And it’s all super-weird.
Life gets very different very fast as you go through your senior year — something many of you are probably realizing as you go through your senior year of high school — but it’s even weirder in college. All the juniors are still worried about grades and parties and who’s going to be president of which club next year… and my friends and I are looking at our honest-to-goodness grown-up futures. We still have one foot in the college world, but we’re starting to realize that we have one foot in the real world (insofar as graduate school is the real world, of course).
And it makes me feel excited… well, excited and scared. Not to mention extraordinarily grateful for the education I’ve received at MIT which has prepared me for these awesome PhD programs which are recruiting me, but really, we’re going to leave the rest of that thought for a later day. (If I get started on all the things MIT has done for me as a student and as a person, I’m really not going to be able to stanch the flow of goop.)
Okay, we’re done with sentimentality for the day. Onward to more pressing matters!

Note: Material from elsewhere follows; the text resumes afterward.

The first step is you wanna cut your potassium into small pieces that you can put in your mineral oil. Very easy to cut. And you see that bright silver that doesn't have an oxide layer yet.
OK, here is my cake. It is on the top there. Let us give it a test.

1. Thanks everybody for your birthday wishes! I had a good birthday, but I’m awfully glad to be back in Boston. (And Bryan, Ghirardelli Square was most definitely a stop on our SF tour. Right after the Fisherman’s Wharf sea lions.) Doesn’t 22 sound awfully dignified?
2. Aditya asked “‘Is the program composed of self-starters, with very little peer pressure to work hard, or do students in the program encourage each other to work hard? ‘ – Id love an answer to that relevant to MIT…..”

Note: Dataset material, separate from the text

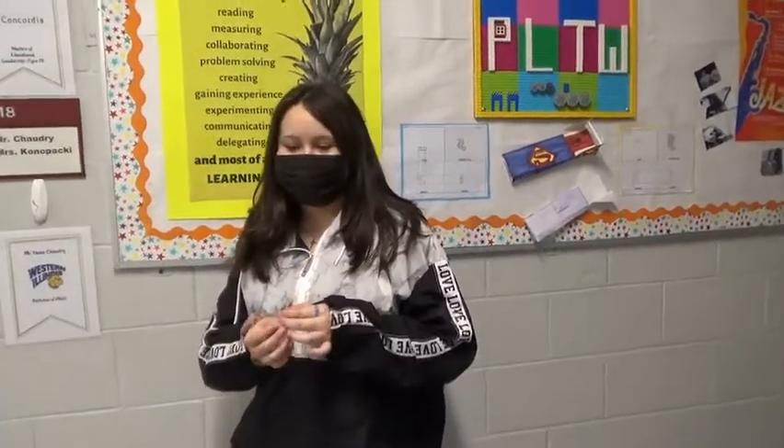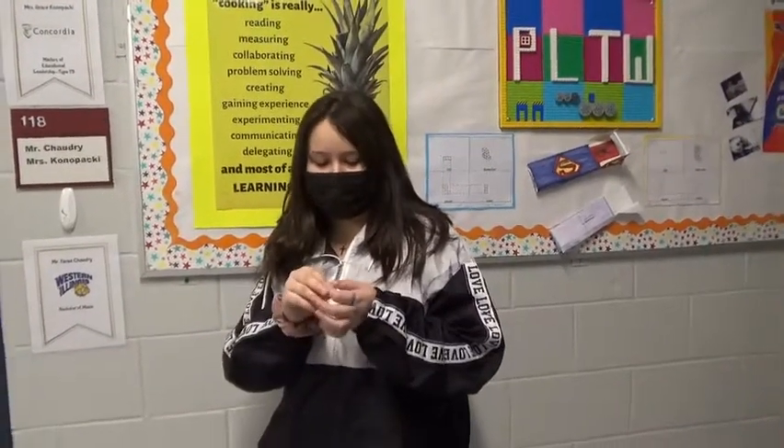Our egg survived because of the bubble wrap, and we had a parachute and the parachute slowed it down. Why do you think the contraption failed? Probably because we didn't layer it enough and it was too close to the ground. We only put one layer and we should have elevated it a bit more, but we only put cotton to protect the egg, so that's probably why.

Actually, I was planning to write on that tonight (before sentimentality about this being my last Reg Day set in) — I think that’s a very important topic that few people really seem to consider. Next time, I promise!
3. Sam (not this Sam) asked when you can start a UROP. You can definitely start one in your first term at MIT, providing that you can find a faculty member who wants to work with you. Generally, people who start UROPs in their first term have prior research experience, although my Adam ’07 started UROPing his first term freshman year, and he’d never researched before. Starting the summer before freshman year might be a little trickier (just because you’d have to make sure you could move into MIT campus housing early), but again, if you find a professor who’s willing to take you, it shouldn’t be a problem.
4. Shannon asked if Adam and I are engaged. No, we’re not (although I just said to Adam, “One of my blog readers asked if we were engaged,” and his response was “Pretty much.”) However, by the end of 2006 I think the answer to that question will be quite different. :) (Oh god, so much goop in one entry. It’s killing me.)
5. Shen said “I know about that having a master’s degree in the pure sciences really doesn’t amount to much (particularly since my chem teacher has both a BS and PhD but not an MS), but how about engineering?”
In engineering, a master’s degree is much more useful — in fact, in many disciplines, you need a master’s to get competitive engineering jobs. You wouldn’t get a PhD in engineering, though, unless you wanted to become a professor.
6. Anonymous asked, “I was just wondering, how much time did you spend in the lab during a typical week? Thanks!”
During IAP and summer, I work in the lab 40 hours a week. During term, it depends on how many classes I’m taking — sophomore year I worked about 10-12 hours a week, junior year I worked about 15, and this term I’m actually going to be working about 18-20. (I like working in the lab. To be honest, I like working in the lab better than I like taking classes.)